### Your objective
In the listing that follows, find the line with "Erik, 21 ���, ���� ���������� � ����", then copy exactly from it through the line with "Tadalafil Tablets 5mg", leaving out every picture.

### Data shown
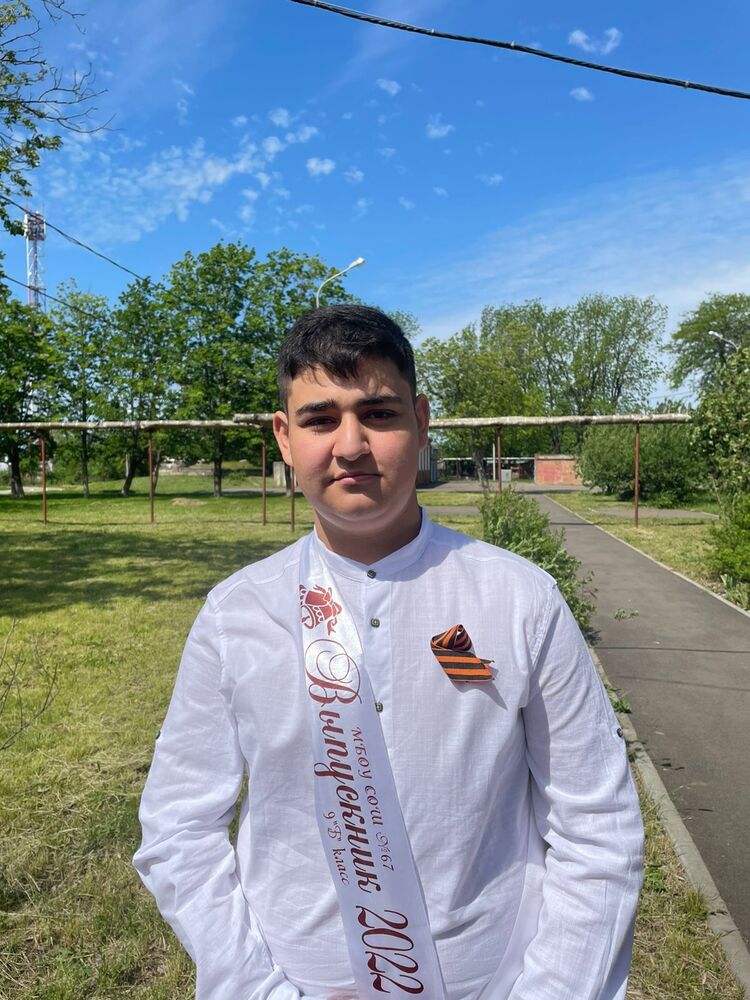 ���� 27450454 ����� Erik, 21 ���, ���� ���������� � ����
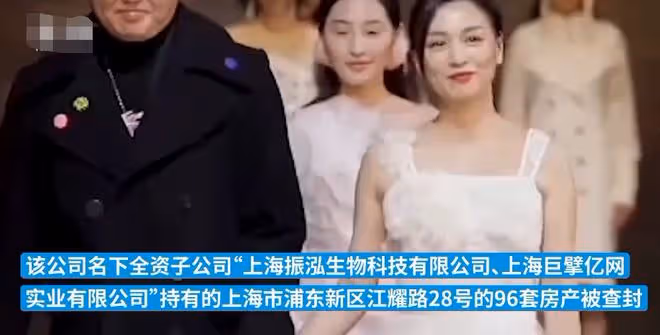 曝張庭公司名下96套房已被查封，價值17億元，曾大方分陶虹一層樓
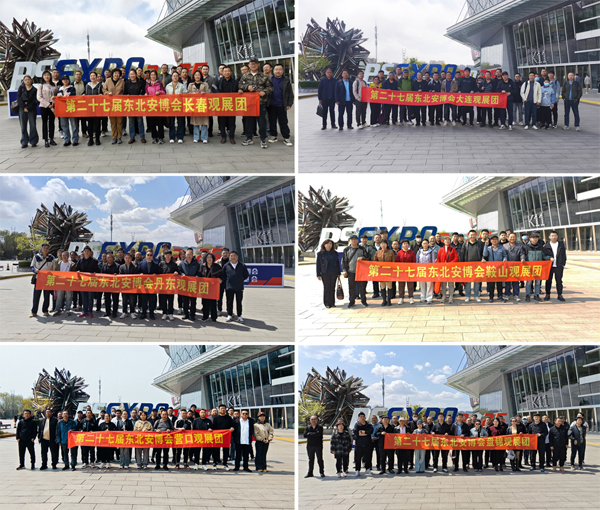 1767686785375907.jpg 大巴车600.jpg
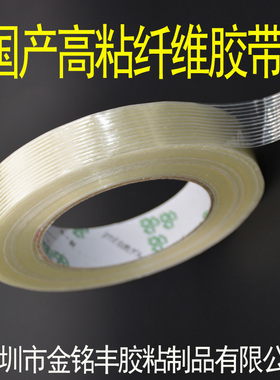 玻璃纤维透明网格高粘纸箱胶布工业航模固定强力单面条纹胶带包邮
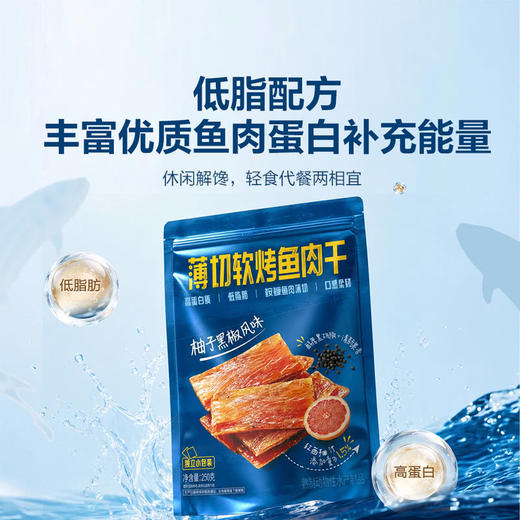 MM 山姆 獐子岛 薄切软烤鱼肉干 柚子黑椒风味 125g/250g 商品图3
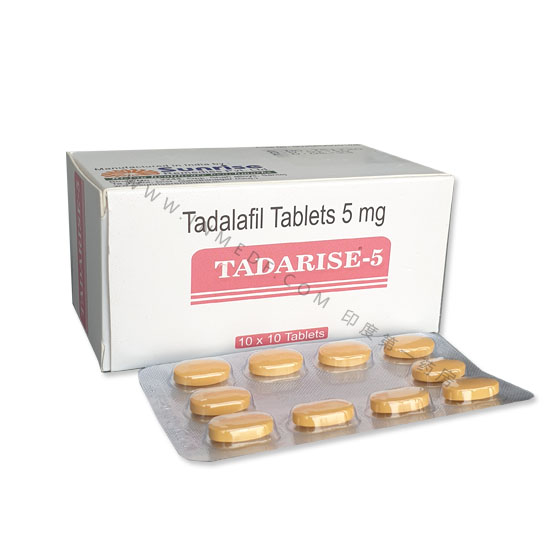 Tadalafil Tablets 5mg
* * *
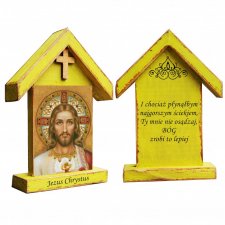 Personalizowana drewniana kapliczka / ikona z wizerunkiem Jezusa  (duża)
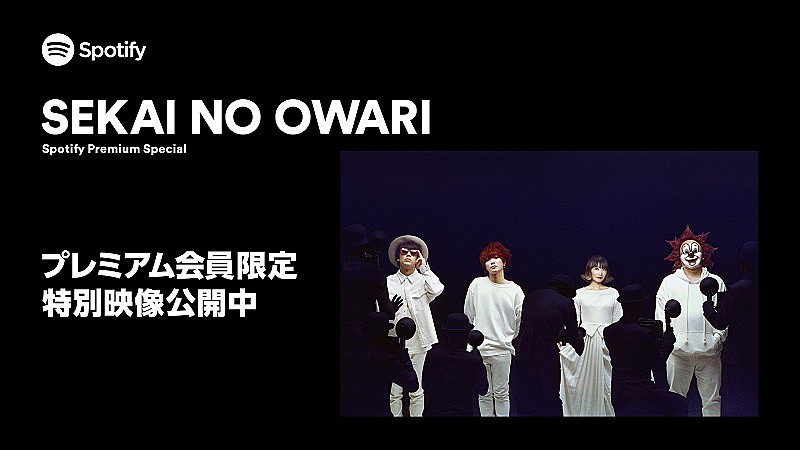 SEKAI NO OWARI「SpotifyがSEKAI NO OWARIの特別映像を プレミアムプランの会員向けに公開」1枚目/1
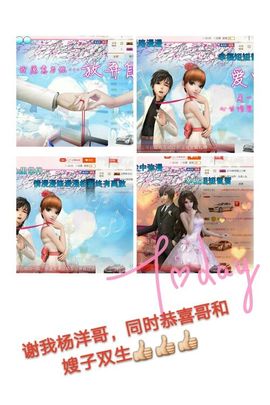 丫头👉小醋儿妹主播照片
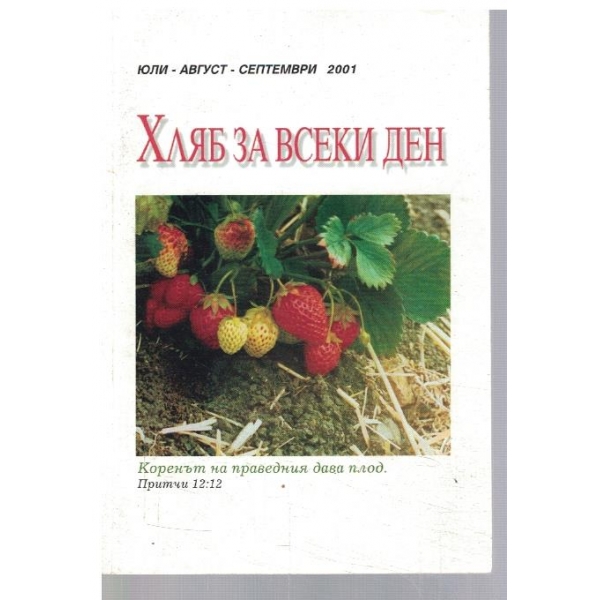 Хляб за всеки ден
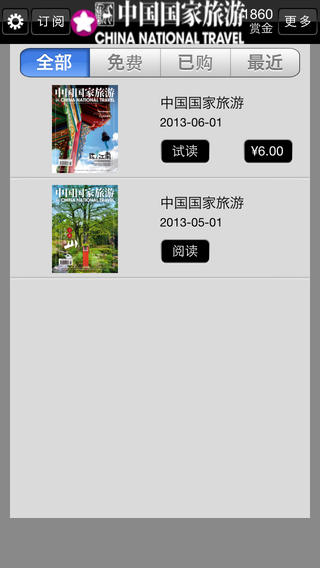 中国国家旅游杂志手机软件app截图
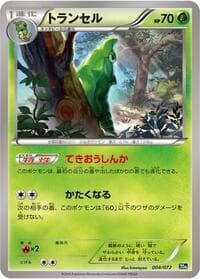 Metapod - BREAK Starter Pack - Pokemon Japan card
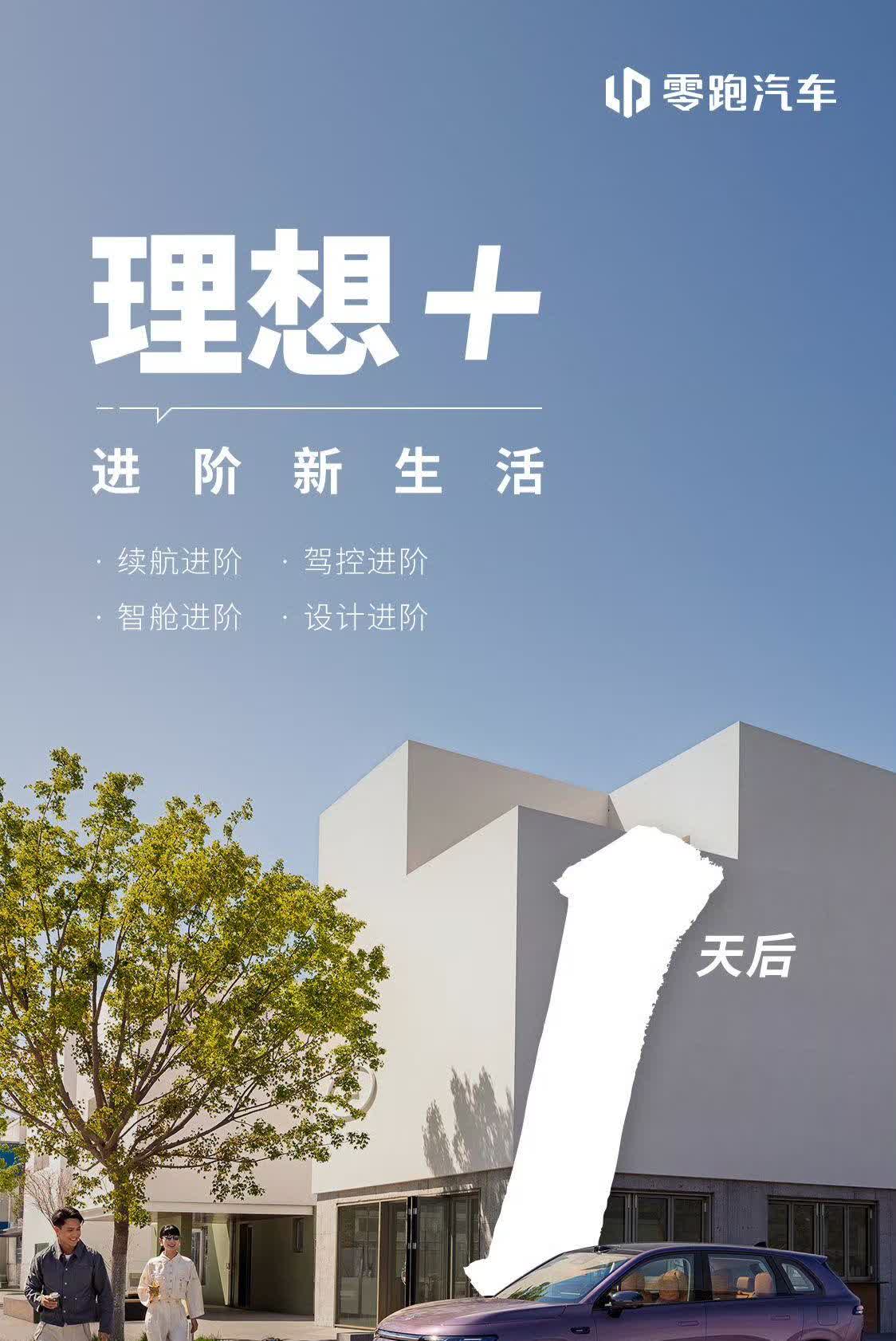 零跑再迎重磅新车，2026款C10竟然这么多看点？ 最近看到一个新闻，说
...
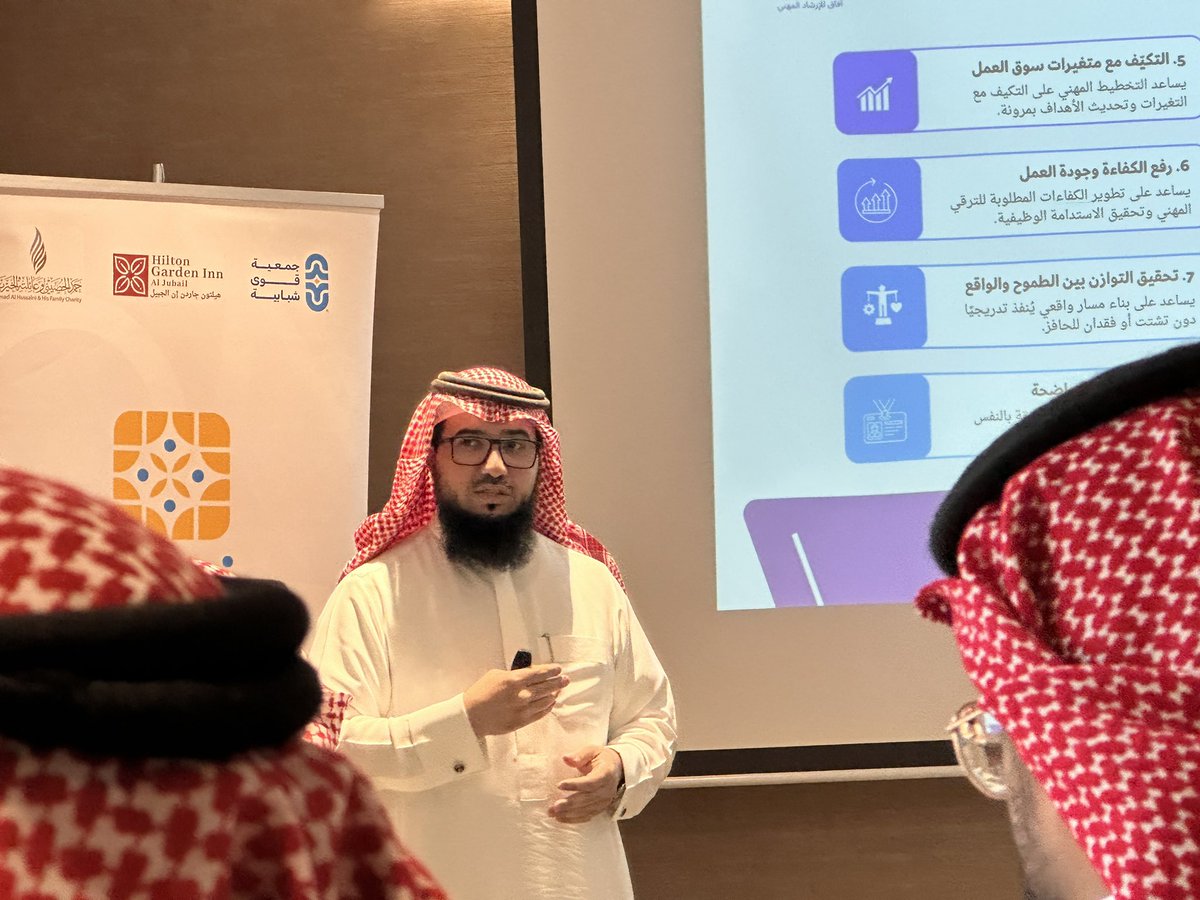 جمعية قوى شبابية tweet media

### Answer to this task
 ���� 27450454 ����� Erik, 21 ���, ���� ���������� � ����
 曝張庭公司名下96套房已被查封，價值17億元，曾大方分陶虹一層樓
 1767686785375907.jpg 大巴车600.jpg
 玻璃纤维透明网格高粘纸箱胶布工业航模固定强力单面条纹胶带包邮
 MM 山姆 獐子岛 薄切软烤鱼肉干 柚子黑椒风味 125g/250g 商品图3
 Tadalafil Tablets 5mg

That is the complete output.